Simone Beretta tira dritto per la propria strada. L’assessore alla Viabilità non ha intenzione di cedere alle pressioni del Comitato Pendolari Cremaschi, che hanno investito della questione anche il difensore civico Bravi, e ribadisce come il percorso dei bus lungo la direttrice Pergoletto-piazzale Rimembranze sia destinato a rimanere quello attuale con le fermate previste.

POLEMICA POLITICA

“Io vado avanti per la mia strada – ribadisce Beretta -, perché contro il loro interesse di parte ne difendo uno che ritengo più corretto, perché più solidale e rispondente quindi  agli interessi generali”. L’interesse “di parte”, secondo l’assessore, è rappresentato dalla presenza nella veste di portavoce del comitato di “Stefano Begotti, uomo  dell’Officina della candidata a sindaco di  Sel, Rifondazione comunista e Partito Democratico, signora Bonaldi“. In altre parole l’assessore ritiene che alle spalle della protesta dei pendolari non vi siano ragioni di natura viabilistica, ma bensì politica.

FERMATE CONDIVISE

“Riconfermo  quindi la mia ultima proposta in campo – prosegue Beretta : una fermata all’inizio di via Diaz e un’altra in via Cadorna dove c’era una volta il chiosco dell’Agip.
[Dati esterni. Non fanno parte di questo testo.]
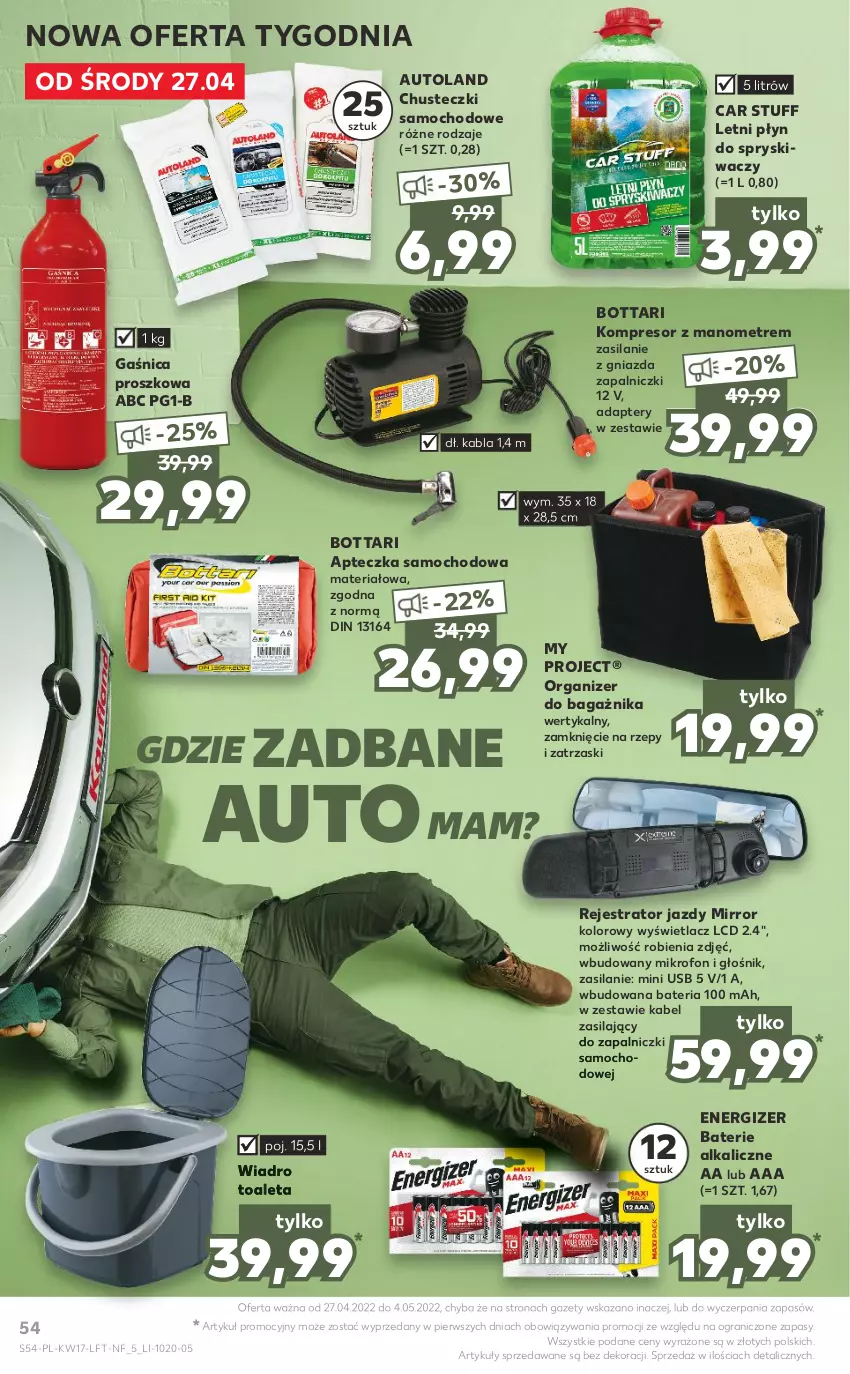 Gazetka promocyjna Kaufland - OFERTA TYGODNIA - ważna 27.04 do 04.05.2022 - strona 54 - produkty: Apteczka samochodowa, Bateria, Baterie alkaliczne, Chusteczki, Energizer, Gaśnica, Głośnik, Gra, Kompresor, Mikrofon, O Bag, Organizer, Płyn do spryskiwaczy, Silan, Wiadro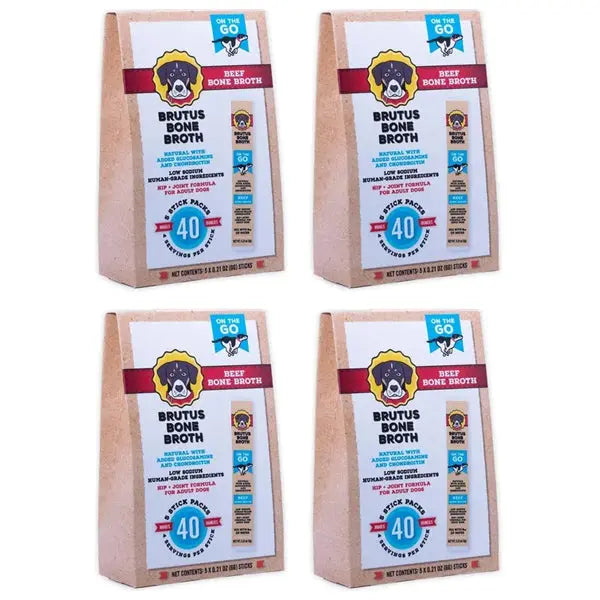 4 Pack - Brutus Broth Beef Bone Broth Powder Hip & Joint with Glucosamine 5 Count Brutus
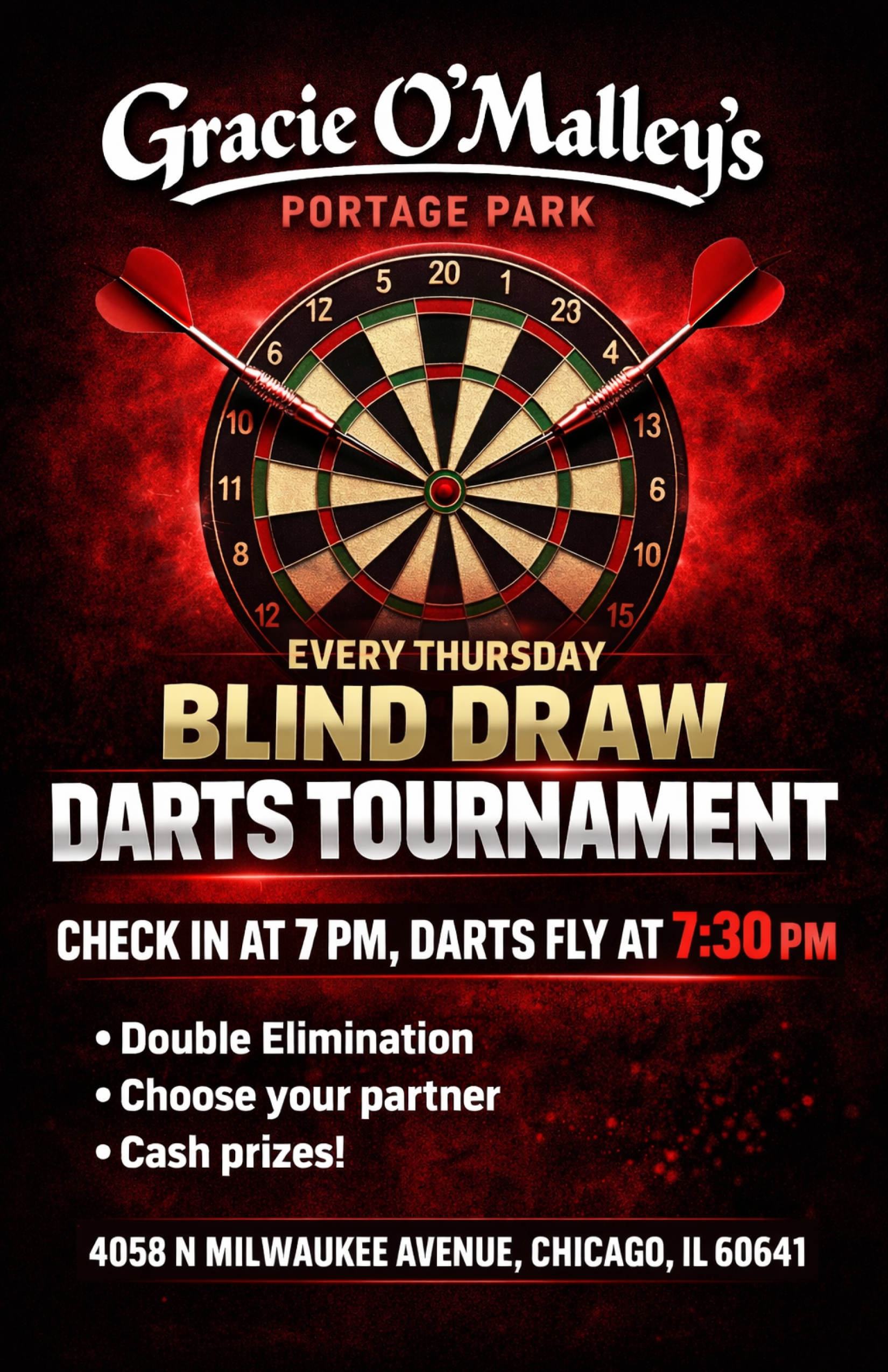 Blind Draw Darts Tournament Every Thursday at Gracie O’Malley’s Portage Park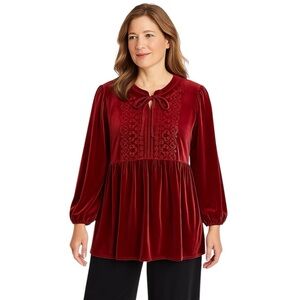 The Pioneer Woman Velvet Embroidered Peasant Tunic Top XL Red Wine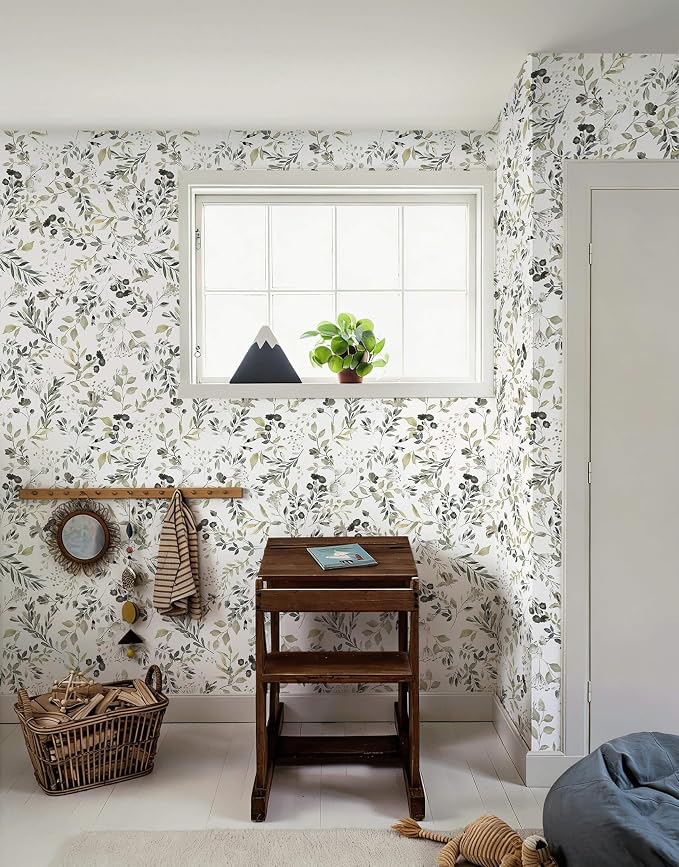 Heroad Green Leaf Wallpaper Peel and Stick Vintage Botanical Floral Contact Paper 17.3''x393'' Neutral Farmhouse Wall Paper Self Adhesive Removable Wallpaper for Bathroom Bedroom Watercolor Decor - Image 9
Proposta, fra l’altro, condivisa anche da Adda Trasporti“. Il titolare della delega alla Viabilità definisce la soluzione in campo di “buon senso, compatibile proprio con l’interesse generale che soddisferebbe da una parte i pendolari e dall’altra gli abitanti di via IV Novembre, che non sono per nulla fantomatici e che meritano anche il  rispetto del perito Begotti”. Beretta conclude rispedendo al mittente l’accusa di arroganza (“In questo modo tengo lontani i furbetti del quartierino alla Begotti”) e ribadisce la natura politica che a suo modo di vedere si celerebbe dietro la vicenda: “Qui c’è chi è solo impegnato, rispetto alla prossima campagna elettorale della Bonaldi per le amministrative di Crema, a rimediare qualche voto per vincerle. Ma in questo modo perderebbe la nostra comunità”.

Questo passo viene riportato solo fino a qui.